Can not use save_image to save image after data augmentation

I’m beginner for Pytorch. I want to increase the number of datasets (data augmentation).
In this case, I have one image of cat and I want to use albumentations to increase the number of images and save image into another folder as follows:

import cv2
import torch
import albumentations as A
import numpy as np
import matplotlib.pyplot as plt
from torchvision.utils import save_image

I define an augmentation as follows:

LOADER_TRANSFORMED = A.Compose([
    A.HorizontalFlip(p=0.6),
    A.RandomBrightnessContrast(brightness_limit=1, contrast_limit=1, p=0.4)
])

I use OpenCV to read an image and convert it to the RGB colorspace.

IMAGE = cv2.imread('/content/drive/MyDrive/Test/cat.jpg') # default BGR
IMAGE = cv2.cvtColor(IMAGE, cv2.COLOR_BGR2RGB) # BGR -> RGB

Augment an image as follows:

TRANSFORMED = LOADER_TRANSFORMED(image=IMAGE) # dict
TRANSFORMED_IMAGE = TRANSFORMED["image"] # numpy.ndarray
TRANSFORMED_IMAGE_2 = LOADER_TRANSFORMED(image=IMAGE)["image"]

In this part, I want to save image after augmentation using save_image as follows:

step 1: convert numpy to tensor

TRAN_IMG_2 = torch.from_numpy(TRANSFORMED_IMAGE_2)

step 2: save_image

save_image(TRAN_IMG_2, '/content/drive/MyDrive/Test/Aug_cat')

I got the error as follows:

RuntimeError: result type Float can’t be cast to the desired output type Byte

I’m not sure, Where did the error occur? because in save_image require tensor as input.

@Jaturong maybe you need to specify the format of the image, like this

save_image(TRAN_IMG_2, '/content/drive/MyDrive/Test/Aug_cat.jpg')

@andrea.tantucci I have tried your method.

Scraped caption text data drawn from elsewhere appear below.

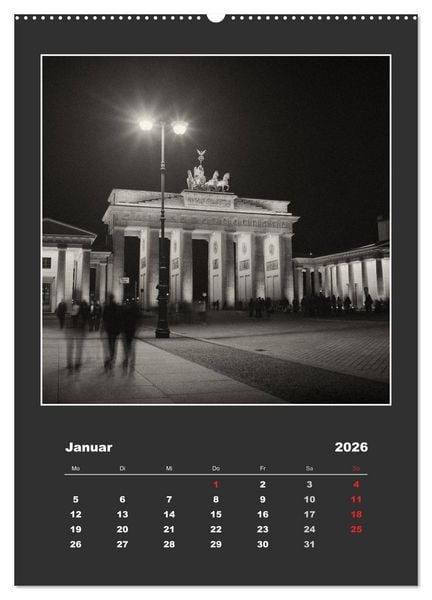 Produktbild: Berlin - Portrait einer Stadt (Wandkalender 2026 DIN A2 hoch), CALVENDO Monatskalender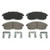 Wagner ZD815B Quickstop Ceramic Disc Brake Pad Set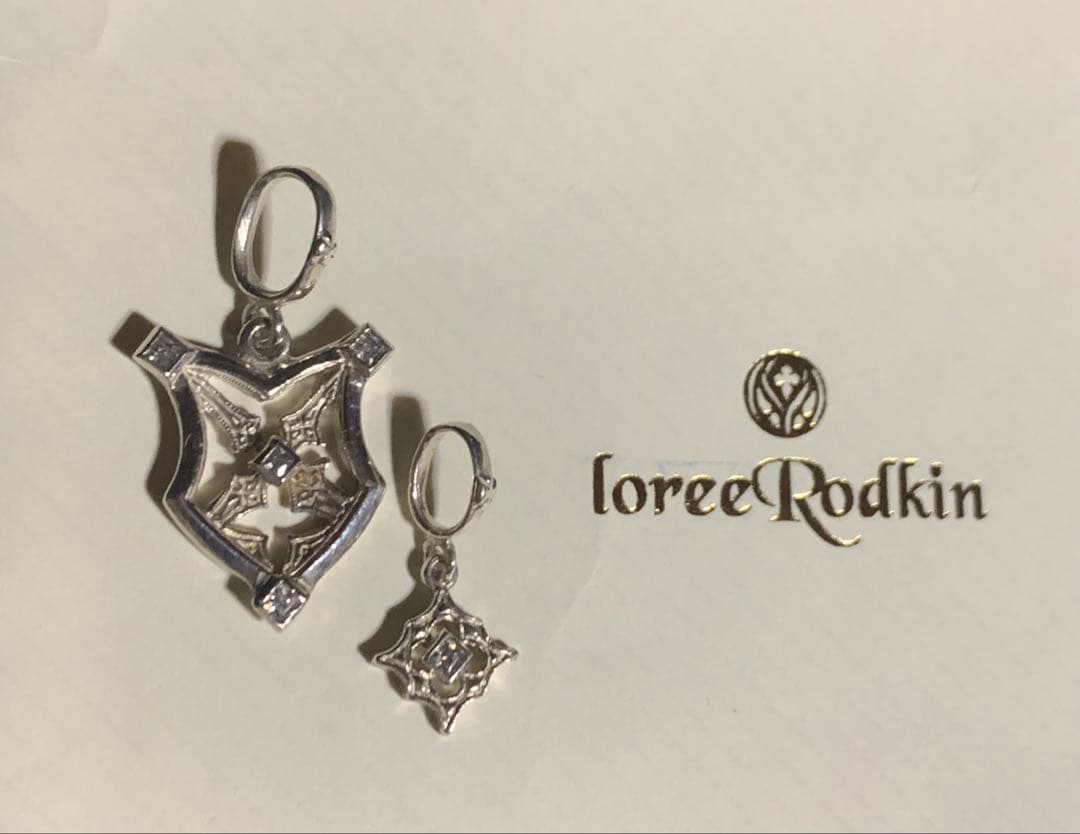 ローリーロドキン 2点セット ペンダントトップLoree Rodkin ローリーロドキン ◇ ゴシッククロス スモール ペンダントトップ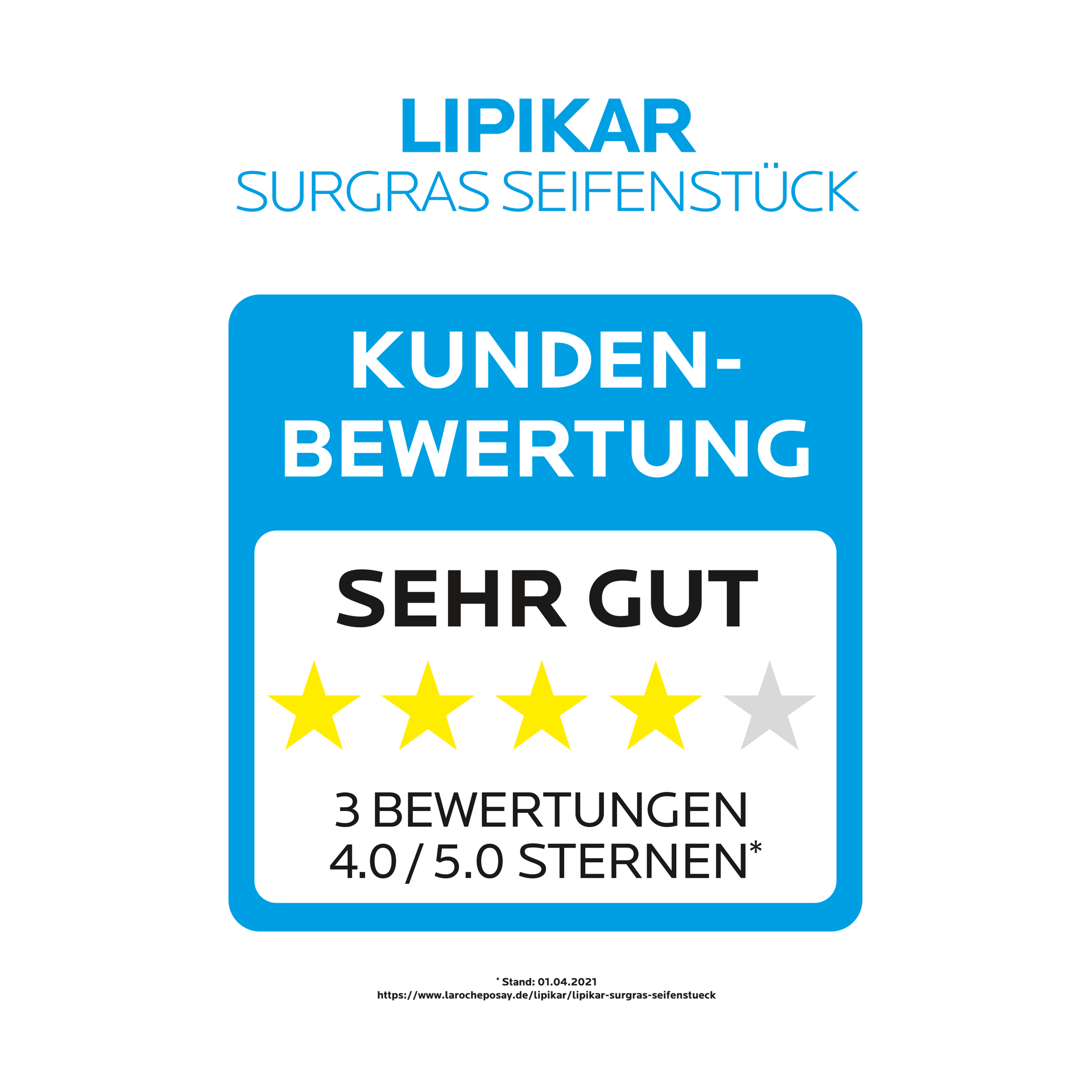 Lipikar Surgras Seifenstück Kundenbewertungen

But still got the same result.

Could you post the dtype of TRAN_IMG_2 as well as its min and max values and shape, please?

@ptrblck I got the dtype of TRAN_IMG_2 is <class 'torch.Tensor'>.
Min and Max values are tensor(93, dtype=torch.uint8) and tensor(255, dtype=torch.uint8) respectively.
And shape of tensor is torch.Size([666, 1000, 3])

Thank you for this information!
The docs seem to lack the information that normalized floating point tensors are expected, since internally the inputs will be “unnormalized” and cast to uitn8 as seen here.

Additionally, the channels-first memory layout is expected. This code should work:

x = torch.randint(93, 256, (666, 1000, 3)).to(torch.uint8)
print(x.shape)
# torch.Size([666, 1000, 3])
print(x.min(), x.max())
# tensor(93, dtype=torch.uint8) tensor(255, dtype=torch.uint8)

save_image(x, "tmp.jpeg")
# RuntimeError: result type Float can't be cast to the desired output type Byte

# normalize
y = x.float() / 255.
print(y.min(), y.max())
# tensor(0.3647) tensor(1.)

# wrong memory layout
save_image(y, "tmp.jpeg")
# TypeError: Cannot handle this data type: (1, 1, 666), |u1

y = y.permute(2, 0, 1)
save_image(y, "tmp.jpeg")
1 Like

@ptrblck Thank you very much. I can save image using above code.